WHAT TO PRODUCE
In the records below, find the line with "Tarjeta vintage dorada — Vector de stock"; retype that line and all the following lines through the end, exactly, and add nothing.
─── EXTRACTED MATERIAL ───
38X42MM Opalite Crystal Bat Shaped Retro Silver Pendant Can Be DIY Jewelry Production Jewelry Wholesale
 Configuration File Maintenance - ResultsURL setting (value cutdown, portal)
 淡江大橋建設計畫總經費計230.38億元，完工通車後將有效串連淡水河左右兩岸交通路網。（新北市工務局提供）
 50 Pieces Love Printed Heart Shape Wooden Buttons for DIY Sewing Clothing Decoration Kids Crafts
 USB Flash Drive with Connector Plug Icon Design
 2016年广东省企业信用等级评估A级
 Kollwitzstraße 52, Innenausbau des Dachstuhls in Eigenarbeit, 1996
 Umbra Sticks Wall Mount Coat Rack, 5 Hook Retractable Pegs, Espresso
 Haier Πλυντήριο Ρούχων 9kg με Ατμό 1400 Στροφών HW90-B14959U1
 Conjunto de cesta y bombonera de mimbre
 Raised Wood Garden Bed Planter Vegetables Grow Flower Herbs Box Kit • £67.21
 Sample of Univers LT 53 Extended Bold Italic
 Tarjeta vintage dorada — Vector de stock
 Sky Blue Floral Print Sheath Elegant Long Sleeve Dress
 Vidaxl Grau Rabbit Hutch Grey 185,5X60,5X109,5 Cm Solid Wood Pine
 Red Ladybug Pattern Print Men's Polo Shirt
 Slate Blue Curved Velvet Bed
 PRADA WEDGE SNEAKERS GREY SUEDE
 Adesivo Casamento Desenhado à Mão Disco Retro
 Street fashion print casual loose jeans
───
RESPONSE TO THIS EXERCISE
 Tarjeta vintage dorada — Vector de stock
 Sky Blue Floral Print Sheath Elegant Long Sleeve Dress
 Vidaxl Grau Rabbit Hutch Grey 185,5X60,5X109,5 Cm Solid Wood Pine
 Red Ladybug Pattern Print Men's Polo Shirt
 Slate Blue Curved Velvet Bed
 PRADA WEDGE SNEAKERS GREY SUEDE
 Adesivo Casamento Desenhado à Mão Disco Retro
 Street fashion print casual loose jeans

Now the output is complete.